The energy released from this nuclear merge is several times greater than that released from nuclear fission. Nuclear fission is the process currently used in nuclear power plants. Additionally, fusion reactions produce little to no radioactive waste and don’t emit greenhouse gases. This makes fusion a potentially cleaner and safer energy source compared to traditional fossil fuels and even nuclear fission.

Power of the stars

Achieving controlled nuclear fusion reactions on Earth has been a significant scientific and engineering challenge. Fusion reactions require extreme conditions of temperature and pressure to overcome the electrostatic repulsion between positively charged atomic nuclei and bring them close enough together to undergo fusion. These conditions are typically found in the cores of stars.
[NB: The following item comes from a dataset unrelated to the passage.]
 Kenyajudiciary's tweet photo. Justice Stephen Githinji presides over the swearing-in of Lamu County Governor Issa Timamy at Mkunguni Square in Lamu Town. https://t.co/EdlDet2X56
Achieving sustained and controlled reactions

Researchers and engineers have been developing fusion reactors. These devices are designed to replicate these extreme conditions on Earth, but in a controlled environment. One of the most promising approaches is magnetic confinement fusion. Which uses powerful magnetic fields to confine and control the hot plasma where fusion reactions occur. Another approach is inertial confinement fusion. This approach uses intense laser or particle beams to compress and heat a fuel pellet containing fusion fuel.

Despite decades of research and progress, practical fusion power plants are still in the experimental stage. However, numerous international collaborations and private ventures are actively working toward achieving sustained and controlled fusion reactions. Eventually leading to the development of commercial fusion power plants. If successful, fusion power has the potential to provide a virtually limitless and sustainable source of clean energy for humanity’s future energy needs.

Astrol pulsed power switches in fusion applications

An ultra-fast IGBT-based DC breaker is a cutting-edge device designed for short circuit protection in nuclear fusion or fusion power systems. Let’s break down the components and functionality.

Ultra-fast IGBT (Insulated Gate Bipolar Transistor)

We use Semiconductor devices such as IGBTs for power electronics applications. They combine the advantages of MOSFETs (Metal-Oxide-Semiconductor Field-Effect Transistors) with the high-current capability of bipolar transistors. The switching speed (the time it takes for the device to turn on and off) in an ultra-fast IGBTis optimized for rapid operation.

DC Breaker

In fusion power systems, a DC breaker serves as a protective device that interrupts the flow of direct current (DC) in the event of a short circuit or other fault condition. Its primary function is to prevent damage to equipment and ensure the safety of the overall system.

Short Circuit Protection

Short circuits can occur when there is an unintended connection between two points in the electrical circuit. This results in a sudden surge of current. Because of the involvement of high voltages and currents in a fusion power system, short circuit protection is essential to prevent damage to sensitive components and ensure the safe operation of the system.

Functionality

An ultra-fast IGBT-based DC breaker is designed to detect short circuit conditions and quickly interrupt the flow of current to isolate the fault. The ultra-fast switching speed of the IGBT allows the breaker to respond rapidly to short circuit events. Doing so it minimises the duration of the fault and reduces the risk of damage to the system.

Advantages:

  • High-Speed Operation: Ultra-fast IGBTs enable the breaker to respond to short circuit events within microseconds. Minimizing the impact on system operation.
  • High Current Handling Capacity: IGBTs can handle high currents. Making them suitable for use in fusion power systems where large amounts of electrical power are involved.
  • Reliability: IGBT-based breakers are known for their reliability and long-term performance, ensuring the continued safe operation of fusion power systems.

Applications:

Ultra-fast IGBT-based DC breakers find applications in various areas of fusion power systems, including plasma heating and control, magnetic confinement, and power conversion and distribution. They play a crucial role in ensuring the safety and reliability of these complex and high-power systems.